Say we now want to print the L2 norm of the last set of weights. Let's consider the following script (print_norm_linreg.py):

import glob
import os
from studio import fs_tracker
import pickle


weights_list = glob.glob(os.path.join(fs_tracker.get_artifact('w'),'*.pck'))
weights_list.sort()

print('*****')
print(weights_list[-1])
with open(weights_list[-1], 'r') as f:
    w = pickle.load(f)

print w.dot(w)
print('*****')

We can run it via

studio run --reuse=linear_regression/weights:w print_norm_linreg.py

The flag reuse tells studio run that artifact weights from experiment linear_regression will be used in the current experiment with a tag w. There is a bit of a catch - for download optimization, all artifacts from other experiments are considered immutable, and cached as such. If you re-run the experiment with the same name and would like to use new artifacts from it, clean the cache folder ~/.studioml/blobcache/.

Default artifacts

Each experiment gets default artifacts that it can use via fs_tracker.get_artifact() even without the --reuse or --capture(-once) flags. Those are:

  1. workspace- this artifact always gets cached to/from . folder, thus creating a copy of the working directory on a remote machine and saving the state of the scripts
  2. output- this artifact is a file with the stdout and stderr produced by running the script
  3. modeldir- it is recommended to save weights to this directory because Studio will try to do some analysis on it, such as count the number of checkpoints etc.
  4. tb- it is recommended to save Tensorboard logs to this directory, this way Studio will be able to automatically feed them into Tensorboard

All of the default artifacts are considered mutable (i.e. are stored continously). The default artifacts can be overwritten by --capture(-once) flags.

Ignoring Files

By placing an .studioml_ignore file inside the directory of the script invoked by studio run, you can specify certain directories or files to avoid being uploaded. These files will not exist in the workspace directory when the script is running remotely.

Custom storage

The Firebase API is great for small projects, but it is easy to grow beyond its free storage limits (5 Gb as of 08/02/2017), after which it becomes very expensive. Studio can utilize Google Cloud storage directly for artifact storage if your projects don't fit into Firebase (support for Amazon S3 is on the way).

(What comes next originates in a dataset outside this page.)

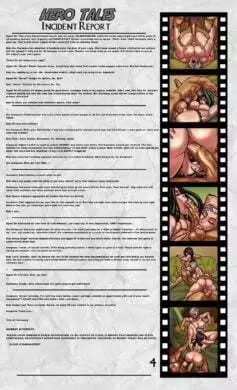 [Rabies T Lagomorph] – Hero Tales Incident Report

For now, the downside of using Google Cloud storage is that Google service account credentials are used, which means that all users in possession of the credential's file have read/write access to the objects in the storage, so in principle one user can delete the experiments of another. See here for instructions on how to generate service account credentials. Once you have generated a credentials file, uncomment the "storage" section in your config.yaml file, set the type of storage to gcloud, and specify a storage bucket. Note that the bucket name needs to be unique, and an error will be thrown if a bucket with that name cannot be created. The safest approach is to create a bucket manually from the Google Cloud console, and then specify it in config.yaml. Folder/file structure within the bucket is the same as for Firebase storage, so if you want to migrate all your Firebase experiments to the new storage you can copy the Firebase storage bucket and point config.yaml to the copy (you could point config.yaml to the original, but then you'll be paying the same Firebase prices).